**Data for processing:**
- Opening Delimiter -
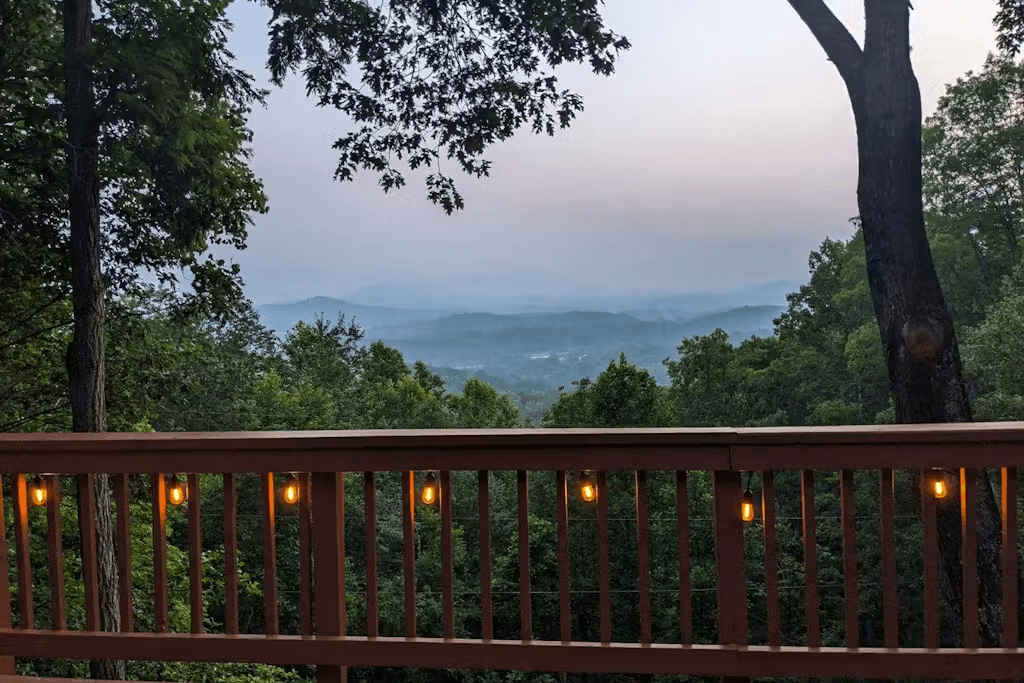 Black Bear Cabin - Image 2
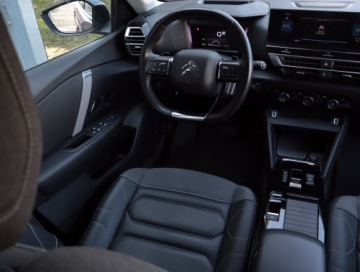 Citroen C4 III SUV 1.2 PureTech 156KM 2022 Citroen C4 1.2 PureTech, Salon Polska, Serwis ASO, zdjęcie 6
- Closing Delimiter -
- Opening Delimiter -
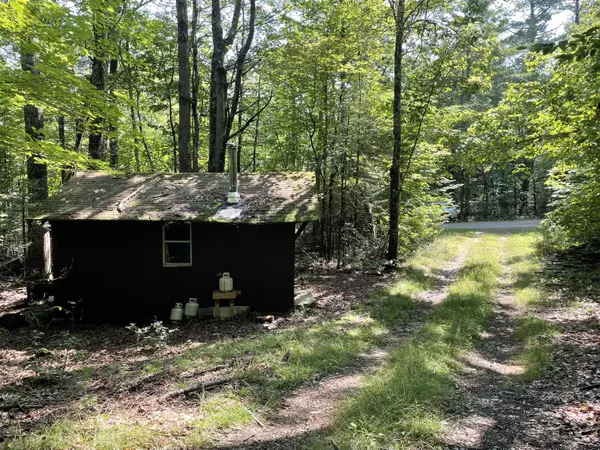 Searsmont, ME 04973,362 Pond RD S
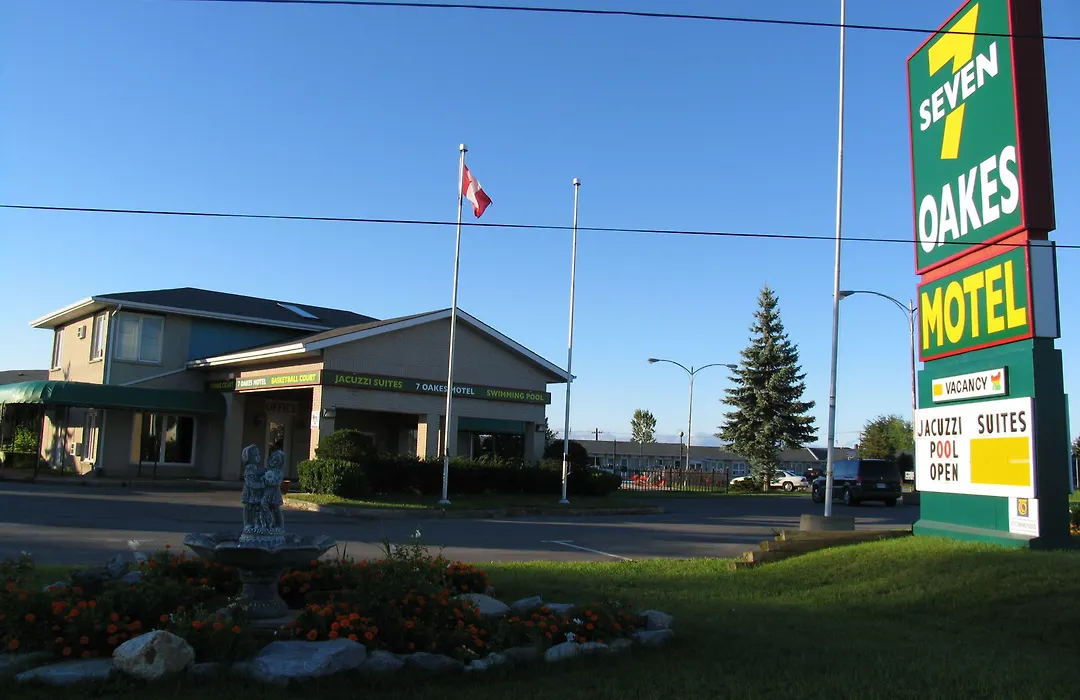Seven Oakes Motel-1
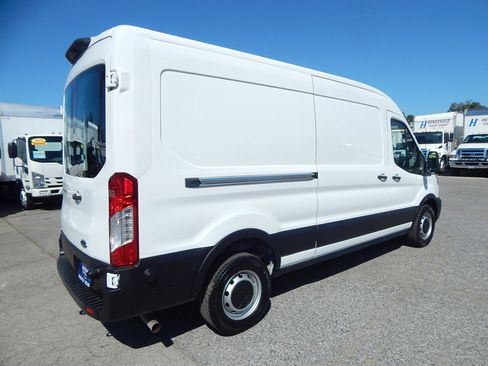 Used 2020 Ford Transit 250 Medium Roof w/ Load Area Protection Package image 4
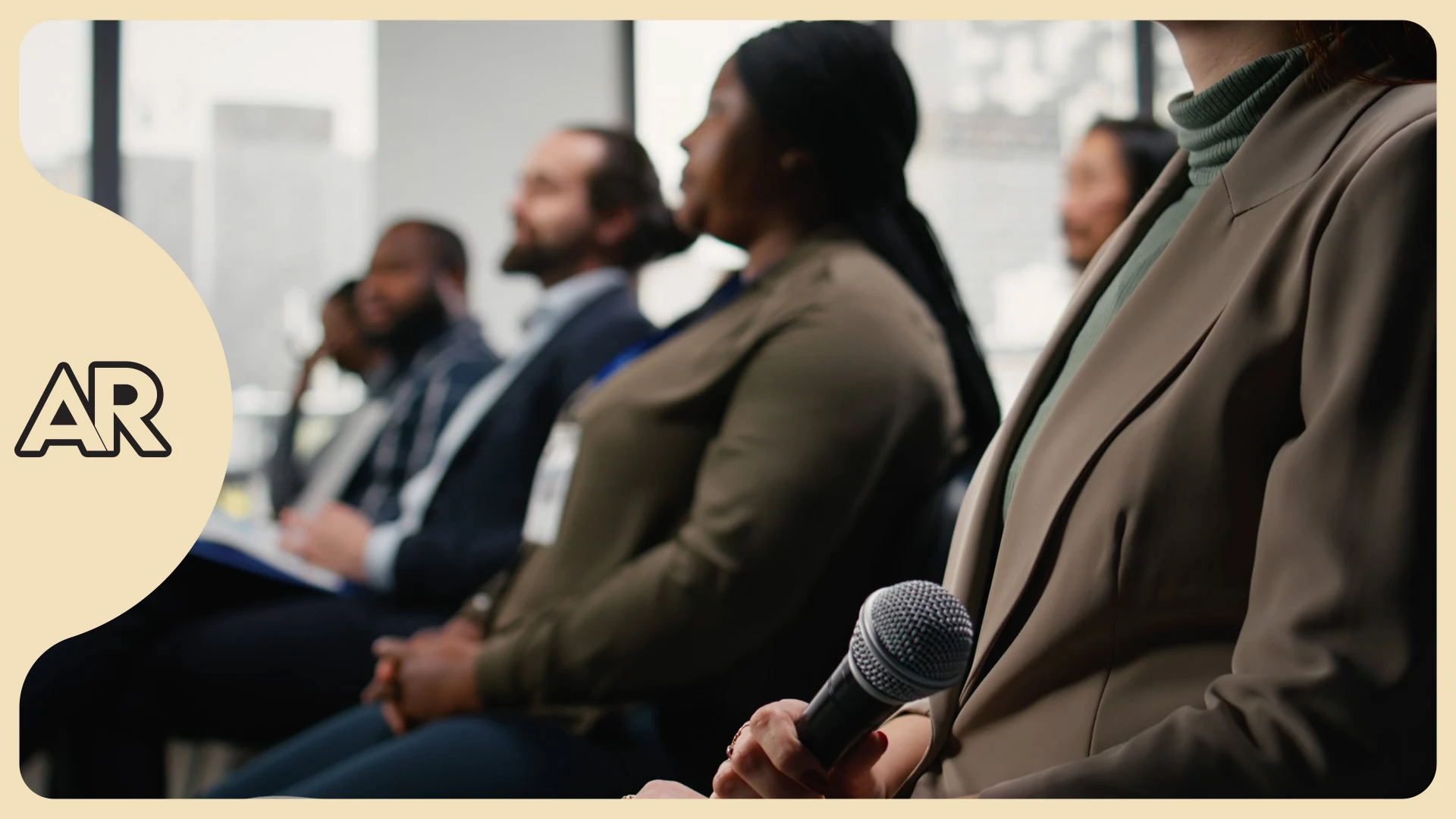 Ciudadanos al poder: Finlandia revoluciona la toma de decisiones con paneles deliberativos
- Closing Delimiter -
**Work request:** What to print is the stretch of entries from the line with "Seven Oakes Motel-1" up to and including the line with "Ciudadanos al poder: Finlandia". Please print it exactly and leave out the pictures.

**Task solution:**
Seven Oakes Motel-1
 Used 2020 Ford Transit 250 Medium Roof w/ Load Area Protection Package image 4
 Ciudadanos al poder: Finlandia revoluciona la toma de decisiones con paneles deliberativos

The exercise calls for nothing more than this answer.